RAM: Recover Any 3D Human Motion in-the-Wild
This addresses the challenge of markerless 3D human motion capture in dynamic, real-world settings for applications like surveillance or sports analysis, representing a strong incremental improvement.
The paper tackles the problem of robust 3D human motion reconstruction in uncontrolled environments by developing RAM, which integrates motion-aware tracking, temporal priors, and pose prediction. Results show it substantially outperforms previous state-of-the-art methods on benchmarks like PoseTrack and 3DPW in both tracking stability and 3D accuracy.

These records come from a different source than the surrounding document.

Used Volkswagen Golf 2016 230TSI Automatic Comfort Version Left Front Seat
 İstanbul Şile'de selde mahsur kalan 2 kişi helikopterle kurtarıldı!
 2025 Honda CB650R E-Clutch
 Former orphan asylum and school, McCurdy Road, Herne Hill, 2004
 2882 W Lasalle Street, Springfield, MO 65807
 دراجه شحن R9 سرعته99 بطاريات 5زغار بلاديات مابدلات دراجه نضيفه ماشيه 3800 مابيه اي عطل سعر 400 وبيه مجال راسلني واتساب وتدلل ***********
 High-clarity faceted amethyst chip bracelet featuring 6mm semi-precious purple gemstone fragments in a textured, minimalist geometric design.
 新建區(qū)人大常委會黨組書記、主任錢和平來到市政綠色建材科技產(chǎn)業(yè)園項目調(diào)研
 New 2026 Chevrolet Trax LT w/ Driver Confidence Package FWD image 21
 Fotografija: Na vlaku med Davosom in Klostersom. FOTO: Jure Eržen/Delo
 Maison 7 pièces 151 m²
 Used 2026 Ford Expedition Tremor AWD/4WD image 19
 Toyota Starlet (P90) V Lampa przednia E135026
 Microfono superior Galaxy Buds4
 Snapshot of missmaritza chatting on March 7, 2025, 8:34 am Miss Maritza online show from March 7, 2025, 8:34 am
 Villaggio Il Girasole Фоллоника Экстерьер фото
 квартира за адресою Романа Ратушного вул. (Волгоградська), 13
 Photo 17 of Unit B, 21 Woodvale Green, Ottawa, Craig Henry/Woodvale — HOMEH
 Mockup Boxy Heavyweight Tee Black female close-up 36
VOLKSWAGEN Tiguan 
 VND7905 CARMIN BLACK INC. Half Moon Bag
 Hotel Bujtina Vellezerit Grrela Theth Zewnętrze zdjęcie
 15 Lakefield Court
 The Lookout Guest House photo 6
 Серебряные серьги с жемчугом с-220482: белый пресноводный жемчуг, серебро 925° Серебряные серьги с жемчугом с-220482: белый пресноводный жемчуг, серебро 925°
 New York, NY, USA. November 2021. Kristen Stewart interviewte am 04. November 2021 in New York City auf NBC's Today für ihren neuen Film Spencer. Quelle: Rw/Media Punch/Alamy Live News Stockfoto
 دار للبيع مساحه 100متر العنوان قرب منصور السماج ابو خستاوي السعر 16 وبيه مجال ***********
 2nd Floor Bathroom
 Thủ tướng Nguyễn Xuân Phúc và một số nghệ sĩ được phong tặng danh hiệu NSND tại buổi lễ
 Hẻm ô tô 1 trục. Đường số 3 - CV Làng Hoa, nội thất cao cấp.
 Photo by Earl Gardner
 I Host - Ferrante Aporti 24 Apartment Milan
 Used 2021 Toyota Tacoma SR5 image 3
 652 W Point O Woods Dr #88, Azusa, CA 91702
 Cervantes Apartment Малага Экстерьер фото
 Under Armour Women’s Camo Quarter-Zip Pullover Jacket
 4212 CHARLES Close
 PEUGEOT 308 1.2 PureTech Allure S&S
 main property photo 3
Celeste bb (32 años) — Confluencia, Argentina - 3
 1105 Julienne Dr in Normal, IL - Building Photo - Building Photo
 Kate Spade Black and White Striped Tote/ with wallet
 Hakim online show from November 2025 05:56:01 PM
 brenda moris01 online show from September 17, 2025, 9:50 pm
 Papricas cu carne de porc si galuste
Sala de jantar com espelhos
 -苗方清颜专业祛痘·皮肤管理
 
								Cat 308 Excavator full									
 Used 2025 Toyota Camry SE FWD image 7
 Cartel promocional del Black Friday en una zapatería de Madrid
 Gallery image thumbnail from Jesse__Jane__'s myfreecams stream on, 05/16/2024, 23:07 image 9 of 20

RAM incorporates a motion-aware semantic tracker with adaptive Kalman filtering to achieve robust identity association under severe occlusions and dynamic interactions. A memory-augmented Temporal HMR module further enhances human motion reconstruction by injecting spatio-temporal priors for consistent and smooth motion estimation. Moreover, a lightweight Predictor module forecasts future poses to maintain reconstruction continuity, while a gated combiner adaptively fuses reconstructed and predicted features to ensure coherence and robustness. Experiments on in-the-wild multi-person benchmarks such as PoseTrack and 3DPW, demonstrate that RAM substantially outperforms previous state-of-the-art in both Zero-shot tracking stability and 3D accuracy, offering a generalizable paradigm for markerless 3D human motion capture in-the-wild.